Data items:
%%
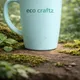 Pastel Green__Ecocraftz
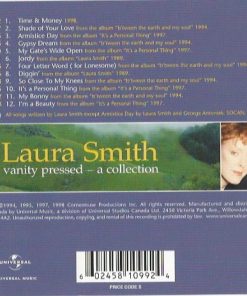 Laura Smith (2)-1
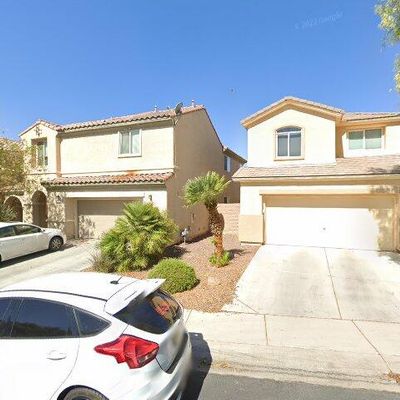 8321 Celina Hills St, Las Vegas, NV 89131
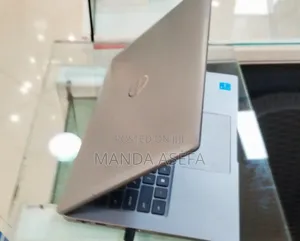 New Laptop Dell Latitude 5440 16GB Intel Core I5 SSD 512GB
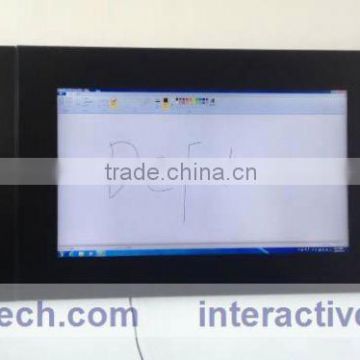 android projected touch foil film capacitive touch film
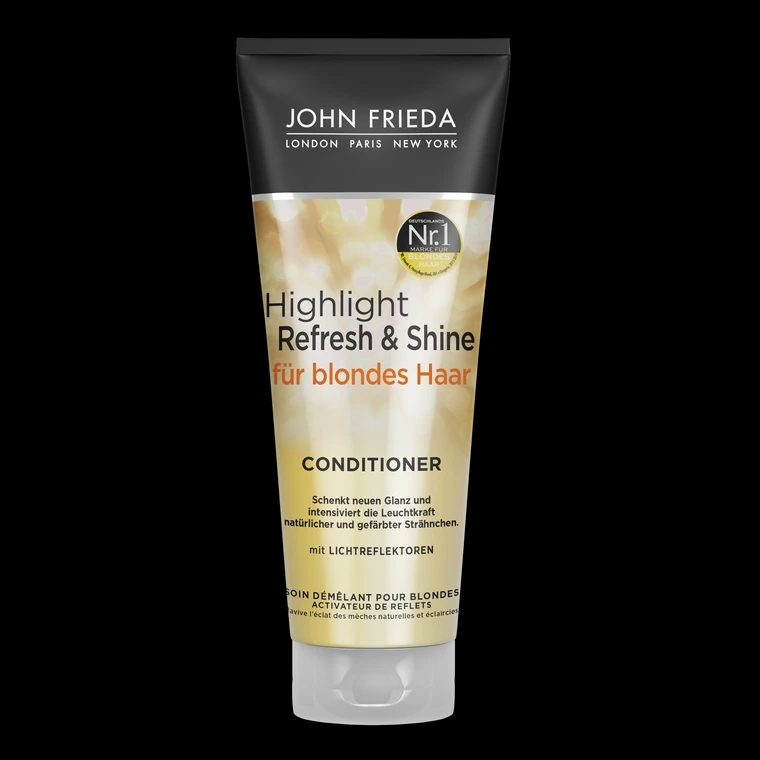 Produktbild von Sheer Blonde - Highlight Refresh & Shine Conditioner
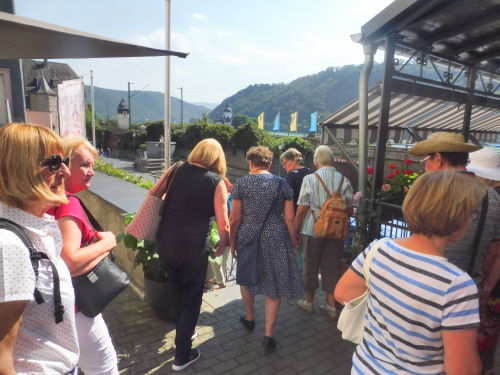 Kaub2019_Moritz22 Kaub2019_Moritz22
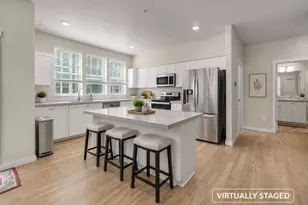 17126 SW Snowdale St, Beaverton, OR 97007 - Photo 12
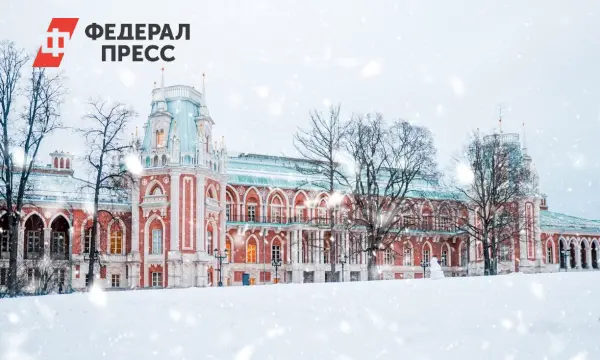 Александр Шатилов из Финансового университета говорит о волне открытий в России-0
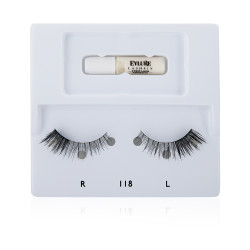 Girls Aloud Lashes - Kimberly - 6092102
%%
• ASSIGNMENT
Word-for-word restatement: every line from the one with "17126 SW Snowdale" through the final line of the data, both ends included, pictures excluded.

• EXERCISE OUTPUT
 17126 SW Snowdale St, Beaverton, OR 97007 - Photo 12
 Александр Шатилов из Финансового университета говорит о волне открытий в России-0
 Girls Aloud Lashes - Kimberly - 6092102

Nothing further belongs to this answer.